O seriado também batia nos estadunidenses, retratando conspirações na Casa Branca e maquinações político-econômicas para lucrar com a turbulência mundial — empresários da ultradireita, ligados à indústria petroleira do Oriente Médio, estiveram entre os vilões. Além disso, o fictício presidente David Palmer, vivido com honradez por Dennis Haysbert, pode ter contribuído para fixar no imaginário do país a ideia de eleger, em novembro de 2008, o primeiro presidente negro, Barack Obama — democrata como o mandatário de mentirinha.
Palmer foi um dos grandes coadjuvantes na trajetória de 24 Horas, que ganhou apenas uma vez o Emmy de melhor série dramática — em 2006, quando também levou os prêmios de ator (Kiefer Sutherland), direção (Jon Cassar), edição (David Latham) e música (Sean Callery).
Na galeria dos personagens inesquecíveis, estão a nerd Chloe O'Brian (interpretada por Mary Lynn Rajskub) e o dúbio Tony Almeida (Carlos Bernard), agentes da CTU, o hesitante Charles Logan (Gregory Itzin), que foi vice, presidente e ex, a perturbada primeira-dama Martha Logan (Jean Smart) e vilões como Habib Marwan (Arnold Vosloo), Victor Drazen (Dennis Hopper) e Cheng Zi (Tzi Ma), além de Allison Taylor, mandatária da Casa Branca que valeu a Cherry Jones um Emmy de atriz convidada.

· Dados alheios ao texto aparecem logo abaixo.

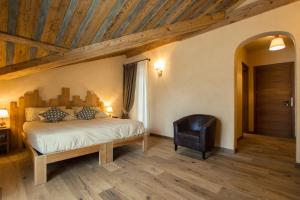 a bedroom with a bed and a chair at Hotel Les Montagnards in Morgex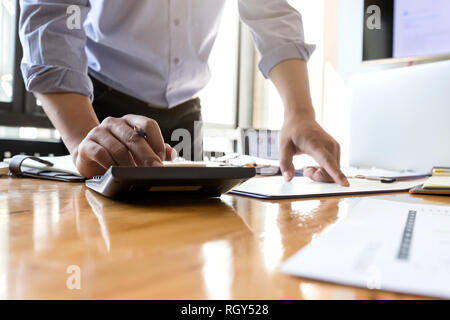 Imprenditore il mani utilizzando una calcolatrice e i dati finanziari analisi sulla scrivania di legno in ufficio Foto Stock
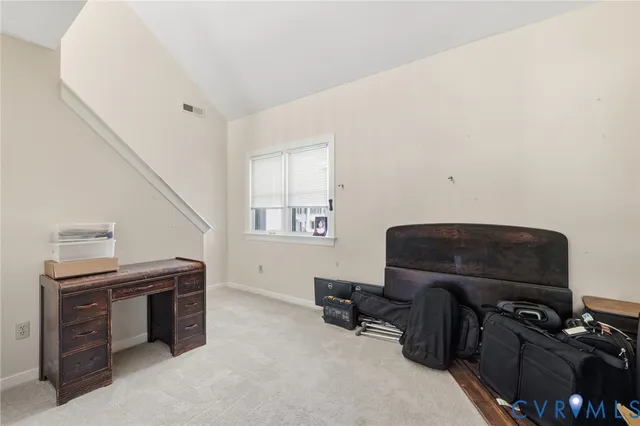 a view of room with window and cabinet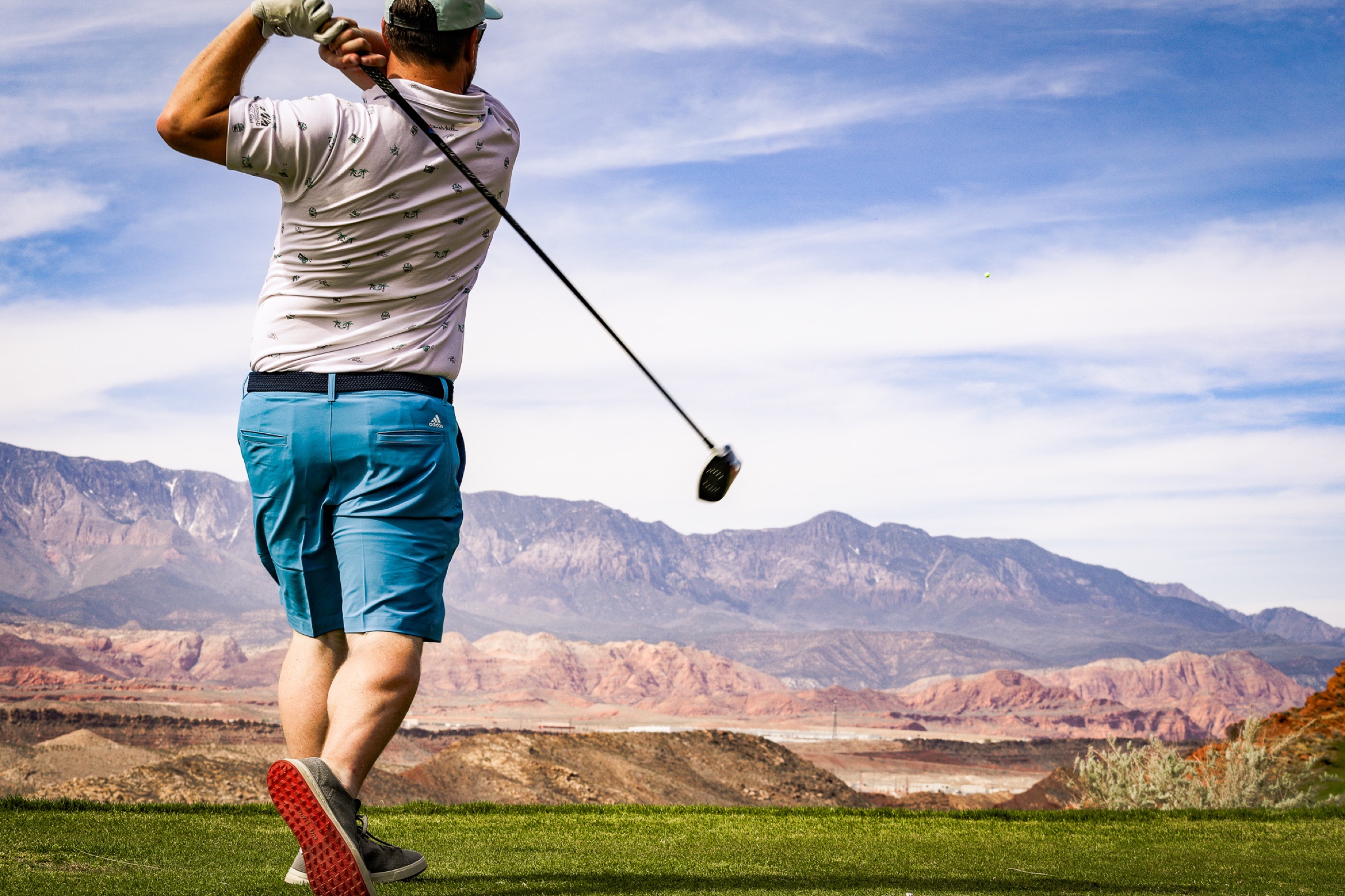 Golf swing against mountains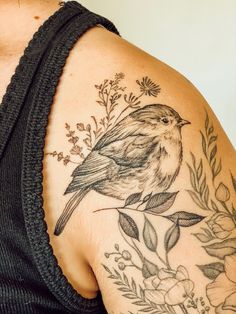 a woman's shoulder with a bird and flowers tattoo on her left upper arm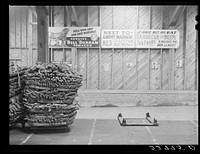 Baskets of tobacco piled on top of each other after being sold at auction. Here they are picked up by the trucks which haul them to the cigarette factories. This is in the Liberty warehouse. Durham, North Carolina. Sourced from the Library of Congress.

Mas o show era mesmo de Jack Bauer, único personagem a aparecer em todos os episódios (e também no telefilme Redenção, que conecta a sexta e a sétima temporadas), dono de uma coleção de frases de efeito, como: "Eu matei duas pessoas desde a meia-noite. Não durmo há mais de 24 horas. Então, talvez você devesse ter um pouco mais de medo de mim". A minha preferida é uma da sexta temporada, por dimensionar a estatura, digamos, moral atingida pelo protagonista: "Senhor presidente, com todo o respeito, você me deve uma".